Certo i casi di morte violenta e di suicidi sono molti di più. Spesso non si conoscono, sono occultati. “Tecnicamente” il detenuto che muore su un’autoambulanza non è catalogato come morto in carcere. E poi ci sono gli autolesionismi, bocche cucite con l’ago, lamette che infieriscono sul proprio corpo. Un modo anche questo, come il suicidio, per gridare la disperazione, per far accendere un riflettore sul carcere, sulla loro vicenda, per non essere dimenticati. Un po’ quello che fanno gli operai che hanno perso il proprio lavoro e sono costretti ad arrampicarsi sulle gru o sui tetti.
Questi episodi, che abbiamo raccontato, valgono più di decine e decine di discorsi vuoti pronunciati da politici arruffoni ed incompetenti. Parole in libertà che parlano di “sicurezza” e di garanzie per i cittadini. Parole vuote, pronunciate da chi non è mai andato a lavorare in una fabbrica o non conosce la realtà carceraria. Se andrà avanti in questo modo, nel 2010 ci saranno 10 mila detenuti in più (ogni mese entrano in carcere dalle 700 alle 800 persone). Oggi i detenuti sono 66 mila, 23 mila in più del consentito. Celle fatiscenti e sovraffollate abitate da un’umanità dolente, abbandonata a se stessa. Ore passate sdraiati nelle brande in compagnia solo dei propri pensieri. Sono queste le carceri italiane.

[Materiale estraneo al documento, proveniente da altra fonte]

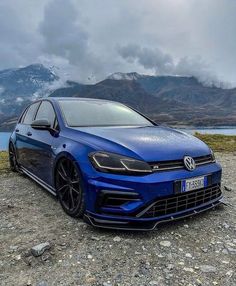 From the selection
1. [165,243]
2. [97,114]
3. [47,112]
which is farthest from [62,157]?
[165,243]

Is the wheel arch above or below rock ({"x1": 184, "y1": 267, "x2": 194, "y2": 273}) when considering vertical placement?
above

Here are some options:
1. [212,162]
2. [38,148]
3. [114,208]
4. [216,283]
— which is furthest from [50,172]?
[216,283]

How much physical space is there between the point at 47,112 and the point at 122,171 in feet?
9.10

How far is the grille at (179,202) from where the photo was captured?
4.02m

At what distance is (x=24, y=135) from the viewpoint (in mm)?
6996

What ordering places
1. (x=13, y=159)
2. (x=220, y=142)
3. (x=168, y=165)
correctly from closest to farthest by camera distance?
(x=168, y=165) < (x=13, y=159) < (x=220, y=142)

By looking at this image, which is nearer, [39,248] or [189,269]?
[189,269]

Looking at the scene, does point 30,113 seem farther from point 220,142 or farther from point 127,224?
point 220,142

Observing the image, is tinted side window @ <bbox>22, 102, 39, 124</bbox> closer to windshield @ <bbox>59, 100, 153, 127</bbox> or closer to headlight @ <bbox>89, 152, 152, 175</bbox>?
windshield @ <bbox>59, 100, 153, 127</bbox>

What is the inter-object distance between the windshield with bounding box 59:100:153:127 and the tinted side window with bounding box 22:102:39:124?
1.36 meters

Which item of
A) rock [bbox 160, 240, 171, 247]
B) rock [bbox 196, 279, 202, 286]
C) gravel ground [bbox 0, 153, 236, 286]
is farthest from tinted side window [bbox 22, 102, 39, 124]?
rock [bbox 196, 279, 202, 286]

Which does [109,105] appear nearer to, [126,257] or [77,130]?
[77,130]

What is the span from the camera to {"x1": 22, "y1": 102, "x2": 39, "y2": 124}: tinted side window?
281 inches

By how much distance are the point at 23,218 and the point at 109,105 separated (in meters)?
2.87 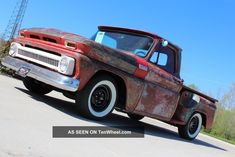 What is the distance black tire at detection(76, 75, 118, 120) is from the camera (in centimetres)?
671

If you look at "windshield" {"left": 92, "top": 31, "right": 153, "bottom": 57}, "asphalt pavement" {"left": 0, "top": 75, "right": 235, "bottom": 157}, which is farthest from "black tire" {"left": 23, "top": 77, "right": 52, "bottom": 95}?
"windshield" {"left": 92, "top": 31, "right": 153, "bottom": 57}

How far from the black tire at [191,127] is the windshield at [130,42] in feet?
7.84

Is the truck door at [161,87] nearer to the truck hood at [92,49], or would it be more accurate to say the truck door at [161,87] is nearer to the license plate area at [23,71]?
the truck hood at [92,49]

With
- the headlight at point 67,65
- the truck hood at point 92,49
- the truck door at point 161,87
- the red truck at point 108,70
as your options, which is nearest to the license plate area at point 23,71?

Carceri con celle in cui si dovrebbe stare in tre, come a S. Maria Capua Vetere, e invece sono in dieci. Il governo propone da anni soluzioni miracolistiche, fra cui il “Piano carceri”, un piano per la creazione di 20 mila nuovi posti nelle carceri per una spesa che ci costerà un miliardo e mezzo di euro.
Eppure, ci potrebbe essere una soluzione ottima ed economica. L’alternativa al carcere per i reati di piccola entità. Questo, però, ai nostri politici non piace perché molti hanno fondato il loro successo elettorale sullo spauracchio della “sicurezza percepita”. D’altronde è molto più semplice mettere in galera un ragazzino per tentato furto o uno straniero senza un pezzo di carta che coloro che corrompono, truffano, quelli che fanno fallire le aziende e buttano in strada migliaia di famiglie. A questi, col tempo, gli potrebbero dedicare una via o un parco.